Cornucopia
- Cover of issue 32
- Editor: John Scott
- Categories: Culture, Travel, Design, Style
- Frequency: 3/year
- Publisher: Berrin Torolsan
- Founded: 1992
- Country: Turkey
- Based in: London, UK, and Istanbul
- Language: English
- Website: www.cornucopia.net
- ISSN: 1301-8175

= Cornucopia (magazine) =

Turkish–British newspaper

Cornucopia is a magazine about Turkish culture, art and history, published jointly in the United Kingdom and Turkey.

==Content==
Cornucopia was founded by John Scott and Berrin Torolsan in 1992. It is an English language magazine that concerns Turkish culture. The magazine has a broad scope that covers Turkey's heritage (prehistoric, Byzantine, Ottoman and Republican and that of the Turkic peoples.

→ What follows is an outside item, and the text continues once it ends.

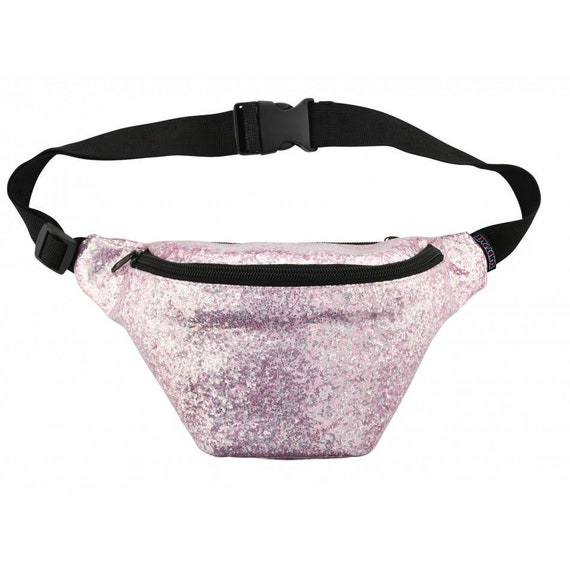 pink glitter fanny pack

The magazine also documents recent auctions and exhibitions of Turkish Art and Islamic art around the world. It has a large books section with reviews by prominent contributors.

Cornucopia also carries regular features on food, restaurants and life in Turkey by Berrin Torolsan, Andrew Finkel and Azize Ethem respectively.

==Heritage==
Notably, Cornucopia has brought publicity to some of Turkey's threatened heritage.

- At the end of 1993 it documented the Mocan Yali in the historic area of Kuzguncuk, in 'The Pink House' by Andrew Finkel. The wooden building has since been pulled down and rebuilt in concrete.
- The 1999 article 'Rhapsody in Blue' by John Carswell documented the 14th-century tiles of the Murad II Mosque in Edirne. These have since been vandalised.

In both cases this is the only photographic record in print.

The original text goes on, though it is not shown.